From the Field
Oil down as prospects for output freeze dim
RIYADH, August 26, 2016 – Oil prices suffered in the early hours of trading on Friday, as the excitement over the Thursday announcement of Iran joining the upcoming OPEC talks was overshadowed by remarks by Saudi Arabia’s minister of energy, industry and mines, Khalid al Falih.
Speaking later that day, Al Falih cautioned against too much optimism over a potential cap on oil production. “We don’t believe any significant intervention in the market is necessary other than to allow the forces of supply and demand to do the work for us,” he told Reuters. His statement sent oil down, with Brent and WTI crude trading at USD 49.55 and USD 47.26 per barrel, respectively.
Remarks on Friday by Minister of Petroleum Bijan Zanganeh, saying that Iran’s efforts in helping OPEC facilitate oil market recover were conditional on the members respecting Iran’s “right to regain its lost share of the market,” also do not bode well for the prospects of a production freeze and a recovery of global oil prices.
“Our expectation is that those turning market unstable, should assume highest and main responsibility to restore stability in the market,” the Ministry of Petroleum’s news portal, Shana, quote the minister as saying.
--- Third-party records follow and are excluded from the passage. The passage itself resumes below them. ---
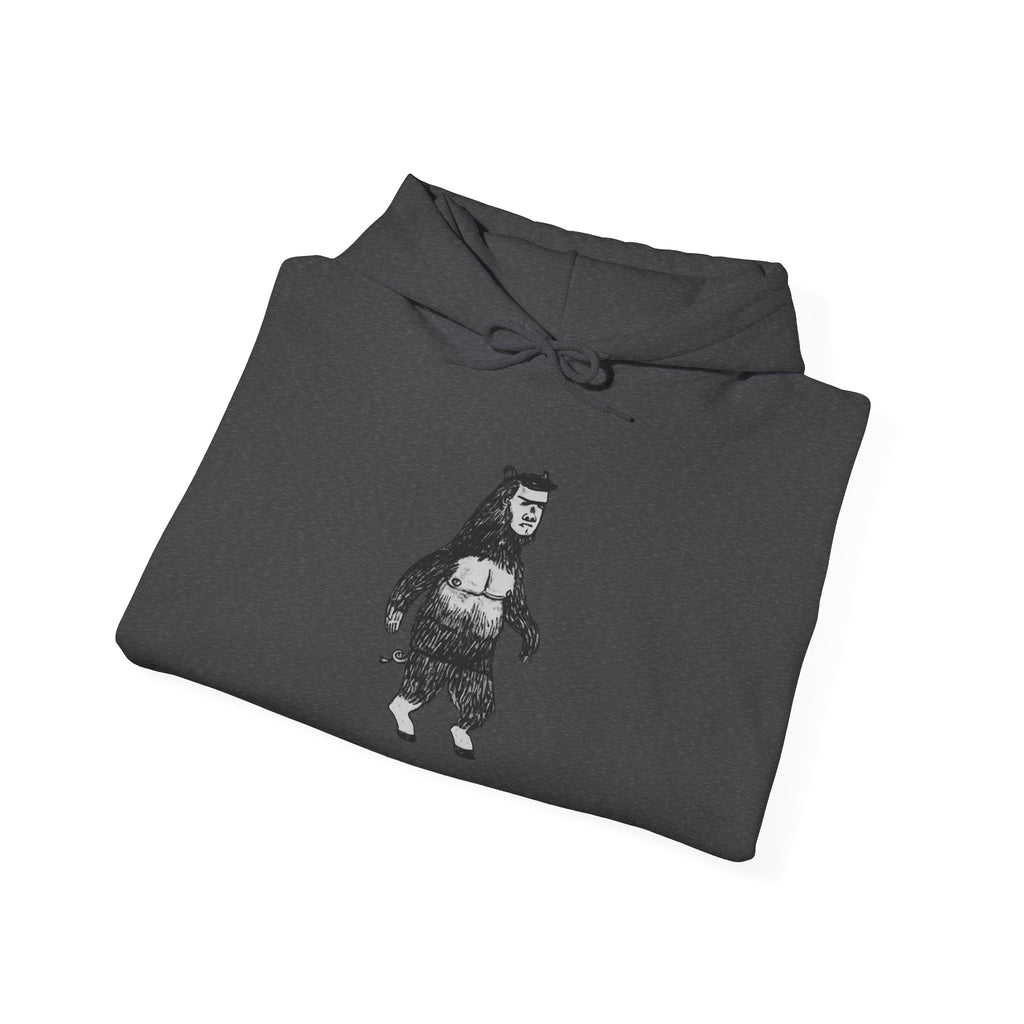 ManBearPig Graphic Hoodie — Half Man Half Bear Half Pig Funny Novelty Pullover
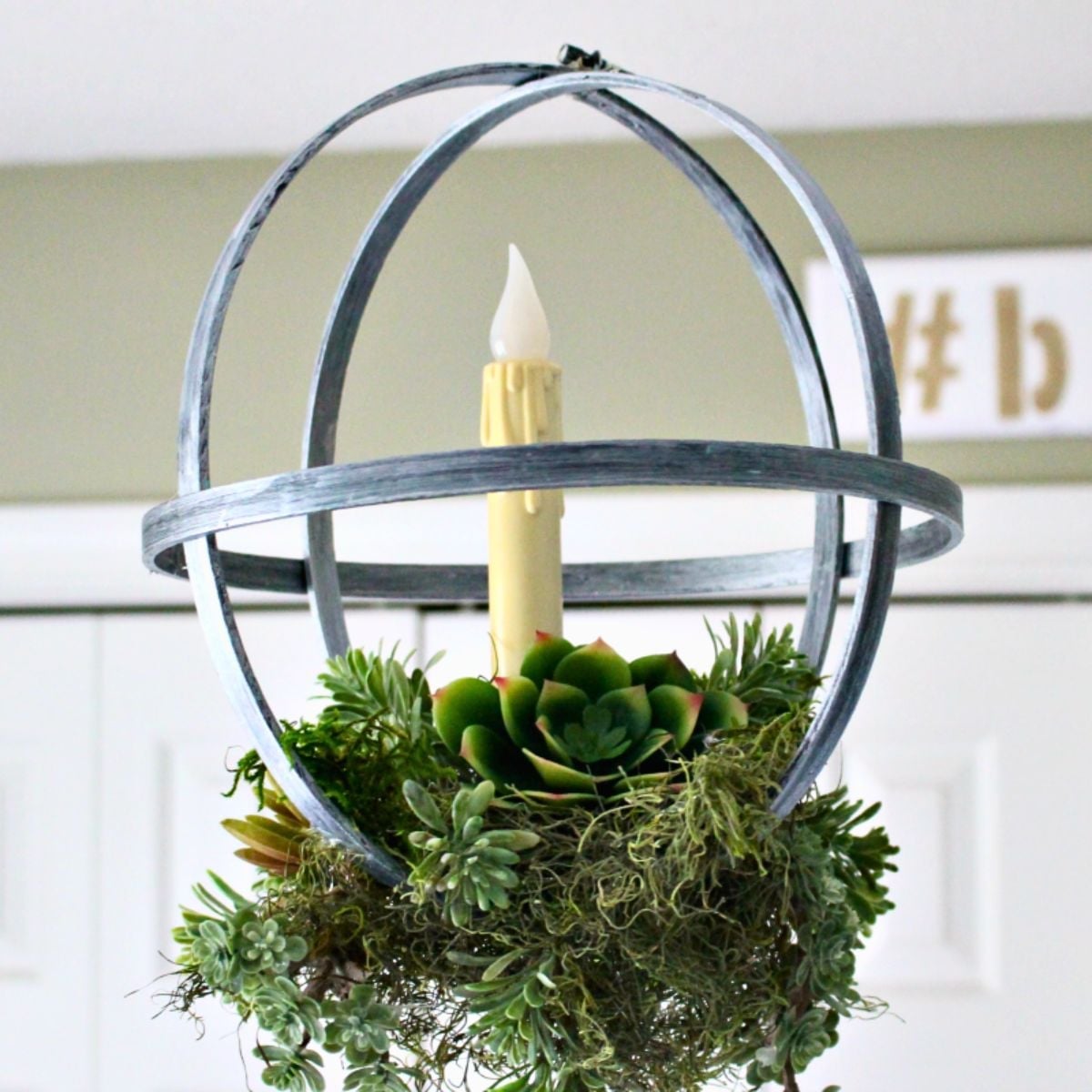 Image for How To Make A  DIY Embroidery Hoop Succulent Planter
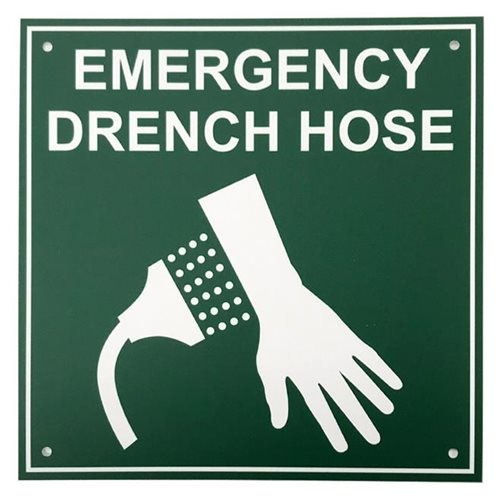 250 x 250 Emergency Drench Hose Sign – Poly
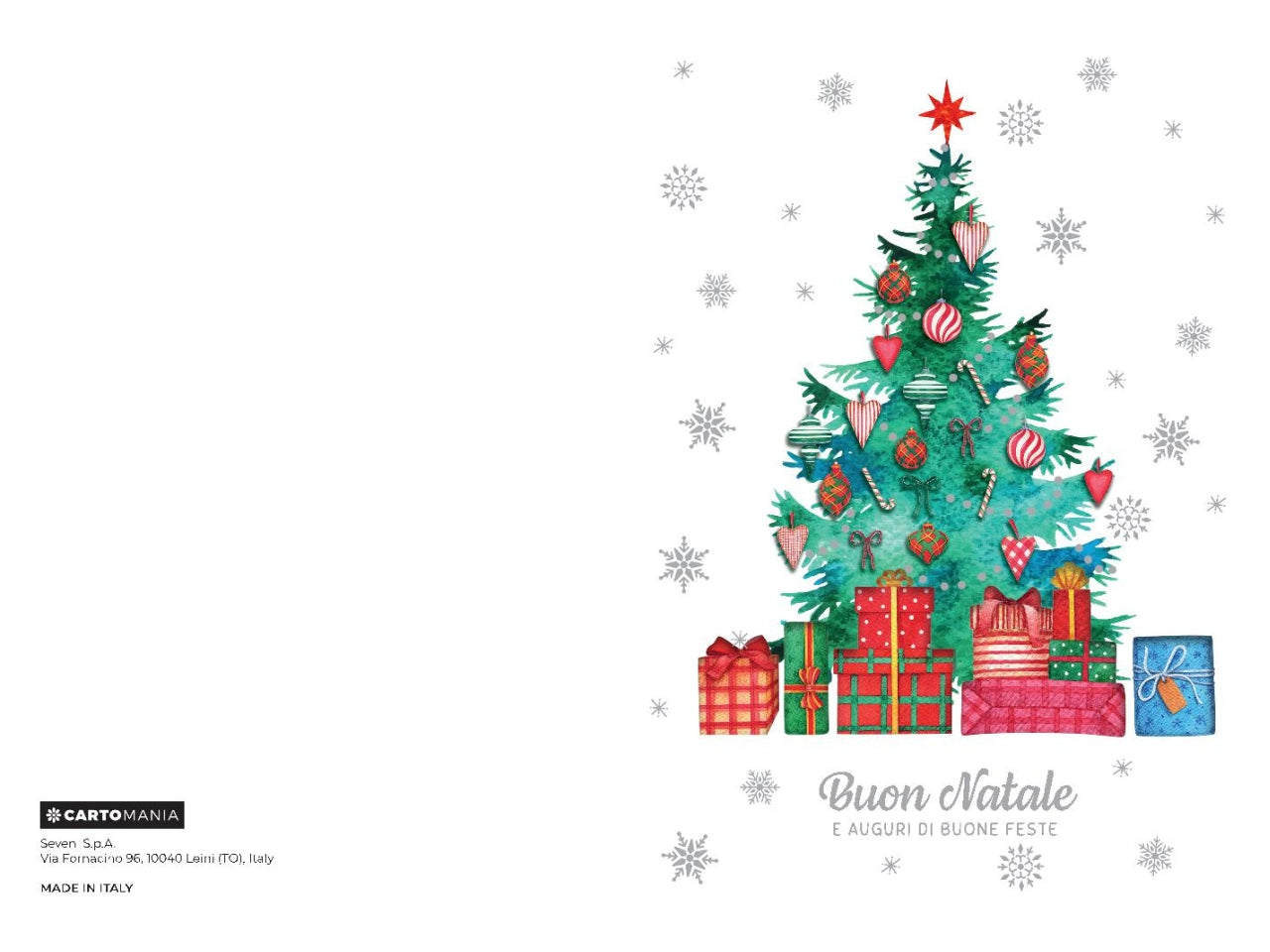 Biglietti natale rilievo cartomania | Seven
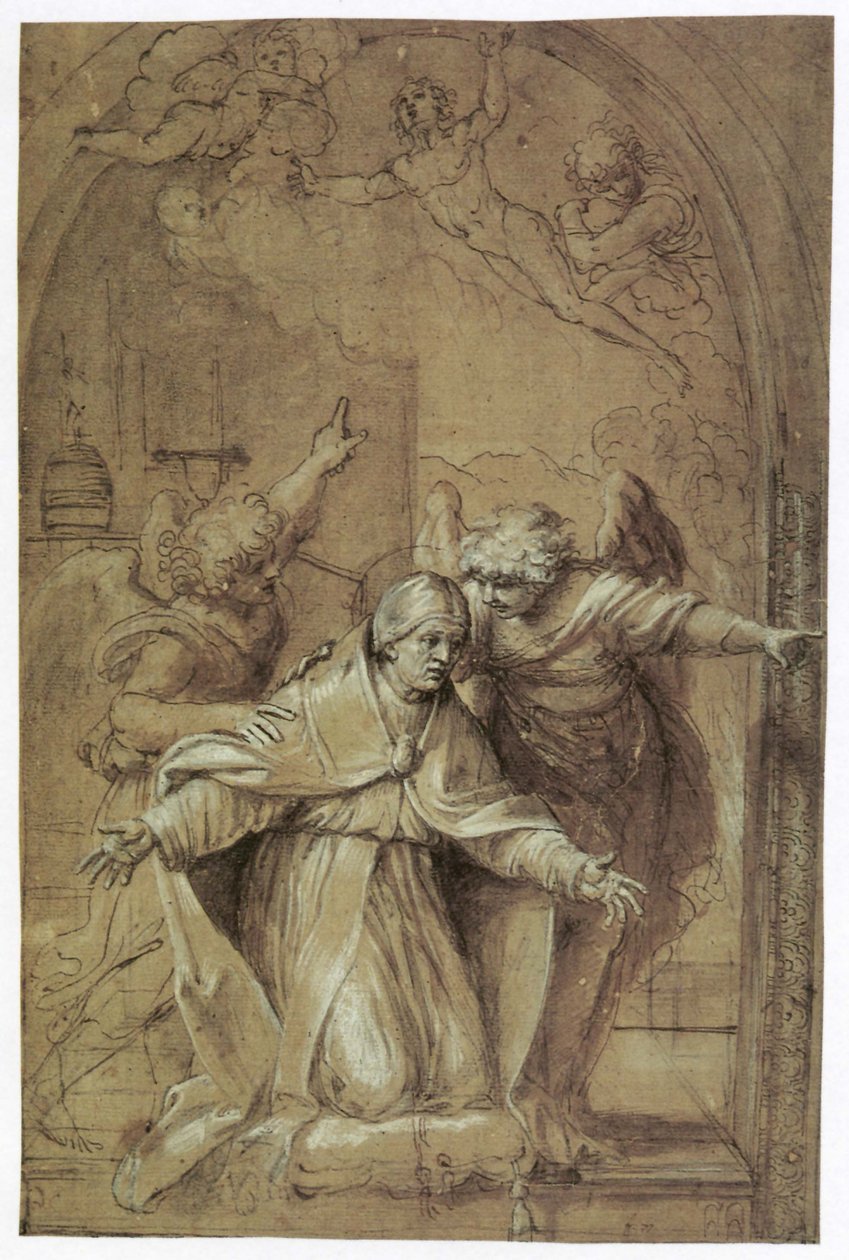 Svatý Řehoř Modlící se za duše v očistci od Annibale Carracci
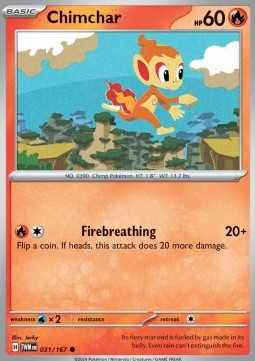 Twilight Masquerade 031/167 Chimchar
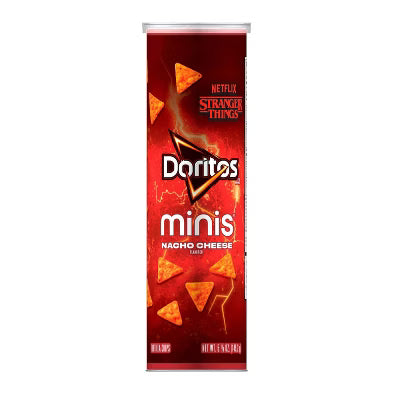 DORITOS MINIS STRANGER THINGS NACHO CHEESE EC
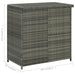 Set mobilier de bar, 3 piese, gri, poliratan - WALTI WALTI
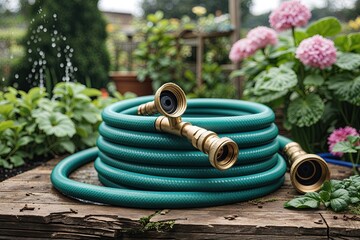 Classic Rubber Garden Hose for Vintage Outdoor Watering and Gardening Needs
If Al Falih’s earlier remarks are anything to go by, Zanganeh’s call is likely to fall on deaf ears. “The market is moving in the right direction,” the Saudi minister said on Thursday.
OPEC Secretary General Mohammad Sanusi Barkindo, in comments published on Friday countered Al Falih, saying that producers “must take more proactive stands in relation to production management in order to complement traditional market forces.” Speaking the Arabic-language London daily Al-Hayat, he also blasted the “approach of non-intervention,” saying it had led the markets nowhere.